A nurse is assisting in the care of a client who has diabetic ketoacidosis and hypoxia. Which of the following actions should the nurse take first?
Obtain a prescription to administer insulin.
Obtain a prescription for supplemental oxygen.
Obtain a prescription to check the client's glucose level.
Obtain a prescription to administer intravenous fluids.
The Correct Answer is B
Choice A reason: Obtaining a prescription to administer insulin is an important action for the nurse to take, as insulin helps to lower the blood glucose level and reverse the metabolic acidosis caused by diabetic ketoacidosis.

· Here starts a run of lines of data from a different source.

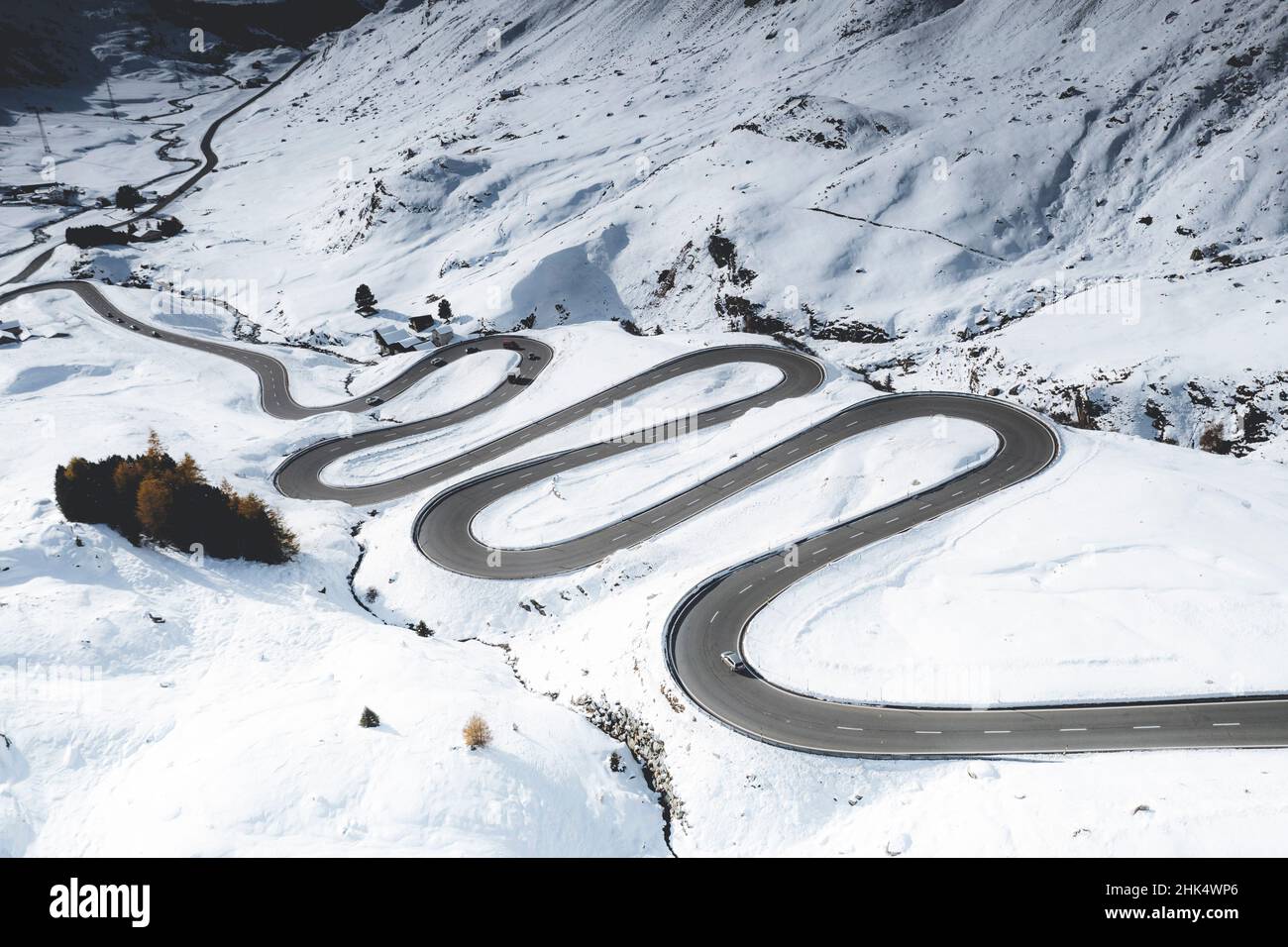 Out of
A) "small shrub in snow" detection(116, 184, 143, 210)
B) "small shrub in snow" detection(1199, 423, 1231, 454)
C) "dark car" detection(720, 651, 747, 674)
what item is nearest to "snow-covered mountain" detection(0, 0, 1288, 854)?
"small shrub in snow" detection(1199, 423, 1231, 454)

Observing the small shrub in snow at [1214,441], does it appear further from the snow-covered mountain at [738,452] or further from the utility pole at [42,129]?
the utility pole at [42,129]

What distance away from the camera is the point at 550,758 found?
1275 inches

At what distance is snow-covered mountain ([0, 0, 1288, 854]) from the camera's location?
2933cm

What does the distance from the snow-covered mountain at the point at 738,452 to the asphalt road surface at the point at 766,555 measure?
4.29 ft

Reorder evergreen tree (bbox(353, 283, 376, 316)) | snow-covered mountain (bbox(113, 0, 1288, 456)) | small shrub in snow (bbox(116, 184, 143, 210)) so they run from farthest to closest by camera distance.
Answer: small shrub in snow (bbox(116, 184, 143, 210)) → evergreen tree (bbox(353, 283, 376, 316)) → snow-covered mountain (bbox(113, 0, 1288, 456))

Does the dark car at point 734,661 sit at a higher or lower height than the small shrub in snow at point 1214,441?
lower

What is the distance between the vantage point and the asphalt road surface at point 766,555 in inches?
1225

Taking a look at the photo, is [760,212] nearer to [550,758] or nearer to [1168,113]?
[1168,113]

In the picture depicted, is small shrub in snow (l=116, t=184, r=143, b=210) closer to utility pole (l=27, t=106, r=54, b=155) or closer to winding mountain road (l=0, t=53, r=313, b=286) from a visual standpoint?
winding mountain road (l=0, t=53, r=313, b=286)

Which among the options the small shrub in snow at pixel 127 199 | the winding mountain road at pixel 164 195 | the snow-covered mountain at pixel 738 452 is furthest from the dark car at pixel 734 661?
the small shrub in snow at pixel 127 199

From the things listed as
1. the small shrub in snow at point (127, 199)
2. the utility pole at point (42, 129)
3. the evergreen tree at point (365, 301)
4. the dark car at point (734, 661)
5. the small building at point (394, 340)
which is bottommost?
the dark car at point (734, 661)

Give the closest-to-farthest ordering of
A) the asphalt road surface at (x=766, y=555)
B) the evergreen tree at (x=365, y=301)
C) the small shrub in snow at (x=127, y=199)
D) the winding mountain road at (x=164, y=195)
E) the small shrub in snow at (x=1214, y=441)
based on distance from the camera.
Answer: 1. the asphalt road surface at (x=766, y=555)
2. the small shrub in snow at (x=1214, y=441)
3. the evergreen tree at (x=365, y=301)
4. the winding mountain road at (x=164, y=195)
5. the small shrub in snow at (x=127, y=199)

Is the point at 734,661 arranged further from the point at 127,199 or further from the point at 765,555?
the point at 127,199

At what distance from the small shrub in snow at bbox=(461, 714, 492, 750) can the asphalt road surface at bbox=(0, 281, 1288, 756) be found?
32.4ft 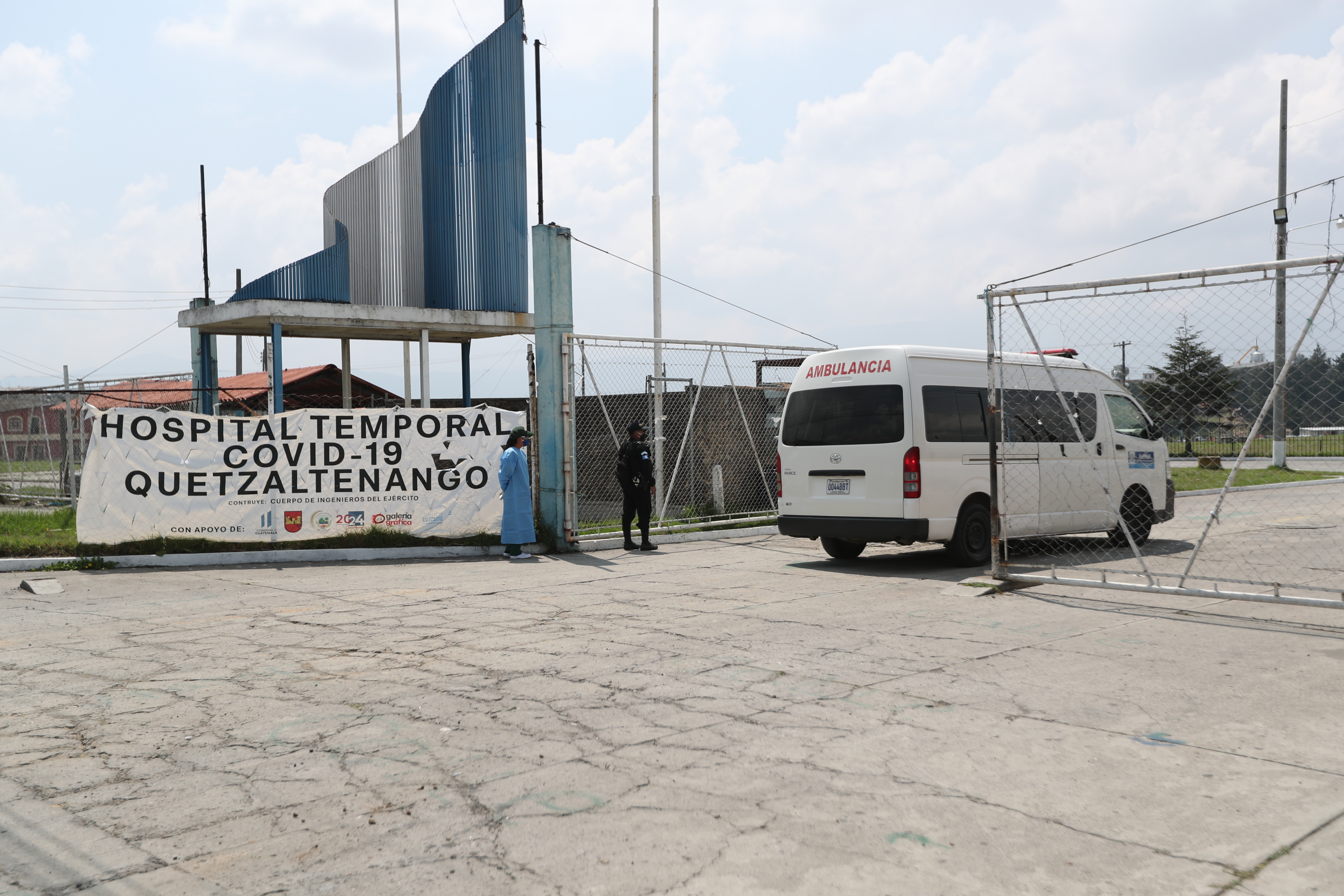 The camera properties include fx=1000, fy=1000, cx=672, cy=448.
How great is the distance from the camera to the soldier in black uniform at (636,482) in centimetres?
1320

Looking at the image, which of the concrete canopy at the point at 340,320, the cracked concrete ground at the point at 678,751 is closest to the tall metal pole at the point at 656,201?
the concrete canopy at the point at 340,320

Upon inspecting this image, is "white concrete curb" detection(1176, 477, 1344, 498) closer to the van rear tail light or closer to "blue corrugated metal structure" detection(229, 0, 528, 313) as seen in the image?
the van rear tail light

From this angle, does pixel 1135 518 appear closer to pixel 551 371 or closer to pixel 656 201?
pixel 551 371

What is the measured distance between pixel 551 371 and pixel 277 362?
28.5ft

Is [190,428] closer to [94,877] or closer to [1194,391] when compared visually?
[94,877]

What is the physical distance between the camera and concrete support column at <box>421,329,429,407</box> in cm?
2183

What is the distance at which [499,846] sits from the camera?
355cm

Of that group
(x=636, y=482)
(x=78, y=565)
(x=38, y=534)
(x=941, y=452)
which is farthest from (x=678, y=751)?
(x=38, y=534)

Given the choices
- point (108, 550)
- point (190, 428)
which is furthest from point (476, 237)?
point (108, 550)

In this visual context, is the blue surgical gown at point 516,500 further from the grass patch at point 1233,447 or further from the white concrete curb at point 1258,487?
the white concrete curb at point 1258,487

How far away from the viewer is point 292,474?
42.1 ft

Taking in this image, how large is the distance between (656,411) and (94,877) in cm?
1184

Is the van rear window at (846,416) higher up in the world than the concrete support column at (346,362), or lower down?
lower down

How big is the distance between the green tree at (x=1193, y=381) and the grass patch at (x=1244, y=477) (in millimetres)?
13826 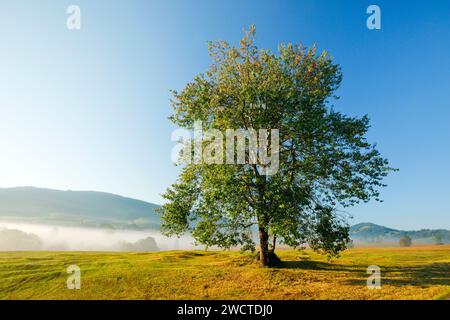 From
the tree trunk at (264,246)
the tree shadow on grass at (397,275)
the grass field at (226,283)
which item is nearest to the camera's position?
the grass field at (226,283)

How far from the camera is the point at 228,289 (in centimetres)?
2698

However, it is not the first action the nurse should take, as the client's hypoxia is a more urgent problem that requires immediate intervention.
Choice B reason: Obtaining a prescription for supplemental oxygen is the first action the nurse should take, as hypoxia is a life-threatening condition that can lead to tissue damage, organ failure, and death. The nurse should provide oxygen therapy to improve the client's oxygen saturation and prevent further complications.
Choice C reason: Obtaining a prescription to check the client's glucose level is a necessary action for the nurse to take, as glucose monitoring helps to evaluate the client's response to insulin therapy and guide further interventions. However, it is not the first action the nurse should take, as the client's hypoxia is a more urgent problem that requires immediate intervention.
Choice D reason: Obtaining a prescription to administer intravenous fluids is a beneficial action for the nurse to take, as fluid replacement helps to correct the dehydration, electrolyte imbalance, and hypotension caused by diabetic ketoacidosis. However, it is not the first action the nurse should take, as the client's hypoxia is a more urgent problem that requires immediate intervention.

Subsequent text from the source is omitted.